One of the most interesting things I have come to discover in my life as a believer is that the roadmap which God has laid out for us to come to him does not require that we be nice people but rather that we be real people. We go to God by being real, accepting who we are; going to him the way we are.
Just look at Peter in the gospel of today. He said,” depart from me, Lord, for I am a sinful man.” Jesus did not listen to him. Jesus did not depart. He did not even ask Peter to go and clean up himself before he could become his apostle. No. Peter knew he was unworthy, sinful, human and makes mistakes. That is the type of people Jesus wants – fornicators, racists, terrorists, killers, etc.

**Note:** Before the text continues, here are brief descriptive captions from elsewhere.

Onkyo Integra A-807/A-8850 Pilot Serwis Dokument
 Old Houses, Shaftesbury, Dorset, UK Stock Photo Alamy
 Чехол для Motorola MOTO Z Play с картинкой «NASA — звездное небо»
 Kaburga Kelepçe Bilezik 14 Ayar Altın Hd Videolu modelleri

If you read the story of the prodigal son in the Bible (Luke 15:11-32) and then the story of the tax collector (Luke 18:9-14), you will get to understand how Jesus turns the spirituality of perfection upside down. In both stories, the ones who have done it wrong and are humble about it (the younger son and the tax collector) are the ones who are forgiven, transformed, and rewarded. Those who are proud of how they have done everything right-but also feel superior to others, or feel they are now entitled-are not open to God’s blessing. This is Jesus’ Great Reversal theme. He turns religion on its head.
Peter and his colleague labored all day at the sea and caught nothing. It is not by power or might. But when they encounter Jesus, the story became different. Grace and insight, often, come to us in those moments all our resources, strategies and skills have been expended without any reward. In that moment, life will lead us to the edge of our own resources through such events. We must be led to an experience or situation that we cannot fix or control or understand. That’s where faith begins.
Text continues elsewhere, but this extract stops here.